• Exercise details: Pictures appear among the records below and must be omitted. Repeat exactly the lines from the line with "717 W Marion" to the line with "虎父無犬子 虎父無犬子", both included.

• Material for this task:
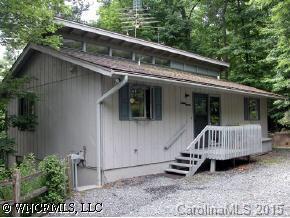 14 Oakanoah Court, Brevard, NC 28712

* * *

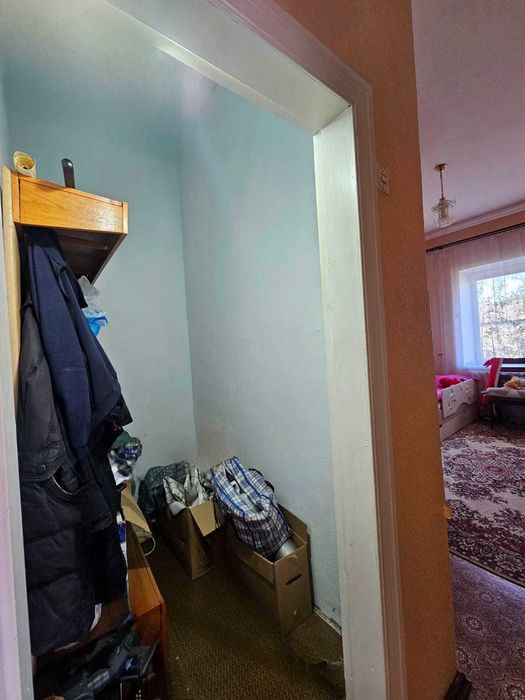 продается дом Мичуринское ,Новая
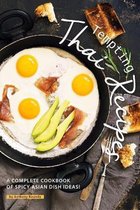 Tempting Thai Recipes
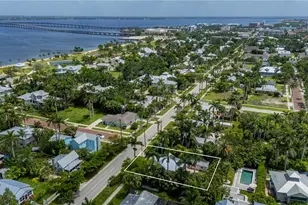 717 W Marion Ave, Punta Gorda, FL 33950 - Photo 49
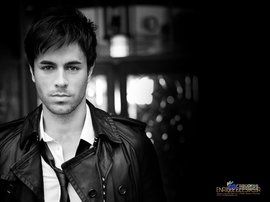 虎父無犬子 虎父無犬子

* * *

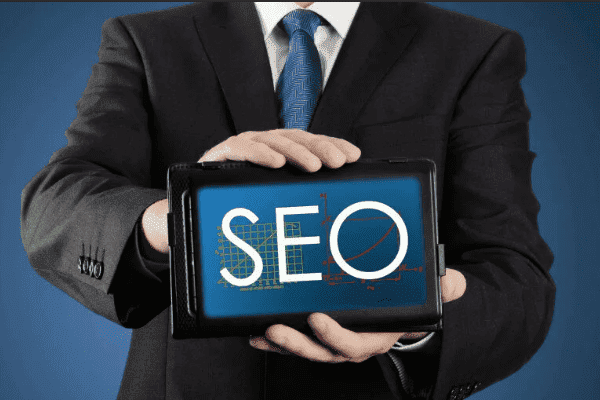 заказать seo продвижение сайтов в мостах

• Answer space:
 717 W Marion Ave, Punta Gorda, FL 33950 - Photo 49
 虎父無犬子 虎父無犬子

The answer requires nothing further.